"Ve سُبْحَانَ مَنِ اخْتَفٰى بِشِدَّةِ ظُهُورِهِ de." Bu kelam ne manaya gelmektedir ve nedir? Zikredilen tefekkür tablolarının akabinde, muhatap nasıl bir halet-i ruhiyeye giriyor ki, bu tabiri kullanması icap ediyor?
Değerli Kardeşimiz;
Bu ifadenin kısa bir meali: “Zuhurun şiddetinden gizlenin o Zat her türlü noksanlıklardan münezzehtir.”

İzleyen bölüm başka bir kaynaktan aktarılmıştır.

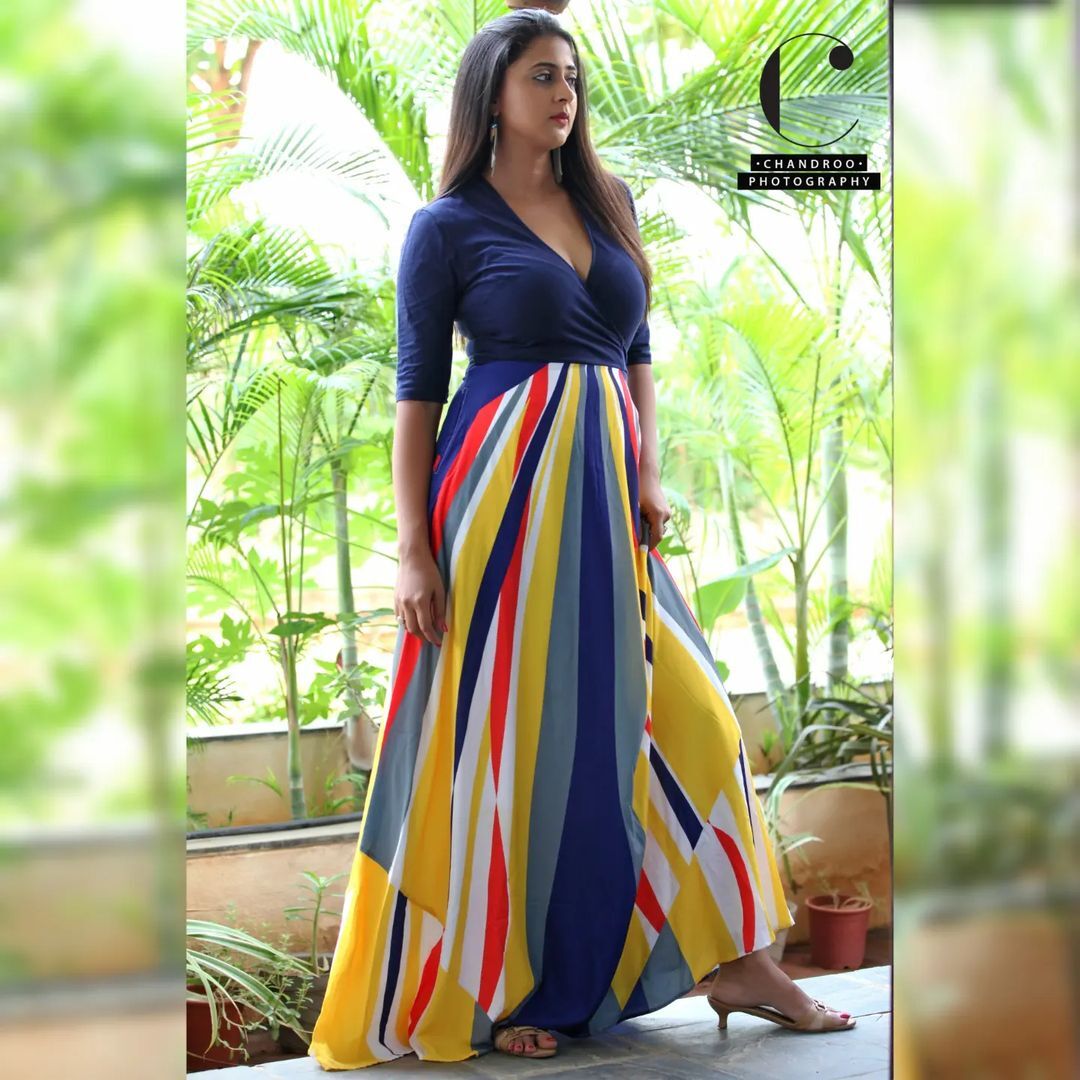 സിമ്പിൾ സാരി...പക്ഷെ, സ്റ്റൈലൻ ലുക്ക്; കനിഹയുടെ ഈ ചിത്രങ്ങൾ ഏറ്റെടുത്ത് ആരാധകർ...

Bu âlemde Allah’tan başkasının yarattığı hiçbir varlık yoktur. Her neye ve her nereye baksak onun isimlerinin tecellileriyle karşılaşırız. Allah’ın varlığının her şeyde açıkça görülmesi, ülfet ile gaflete düşen kimselerde onu hiç hatırlamadan yaşama hastalığına dönüşür. Bu ise şiddet-i zuhurdan gizlenmenin bir cihetidir. Aynı mana kâmil müminlerde de bir başka şekliyle hükmeder. Onlar çok iyi bilirler ki, Allah’ın bir ismi Nur’dur ve bütün isim ve sıfatları nuranidir. Bu âlemde olan her şey o nurlu isimlerin ve sıfatların tecellileridir. Bu tecelliler her yanı ve her şeyi kaplamıştır.
Büyük Müfessir Elmalı Hamdi Efendinin zahir ve batın isimleriyle ilgili şu veciz ifadesini nakletmek isterim: “O, her şeyden görünür Zahir, hiçbir şeyle bilinmez Batın’dır.”
Onun misli ve misali olmadığı gibi zıddı da yoktur. Mukaddes zatı bu dünya gözüyle görülemez, ama beka âlemi olan cennette müminler rüyete mazhar olacaklardır.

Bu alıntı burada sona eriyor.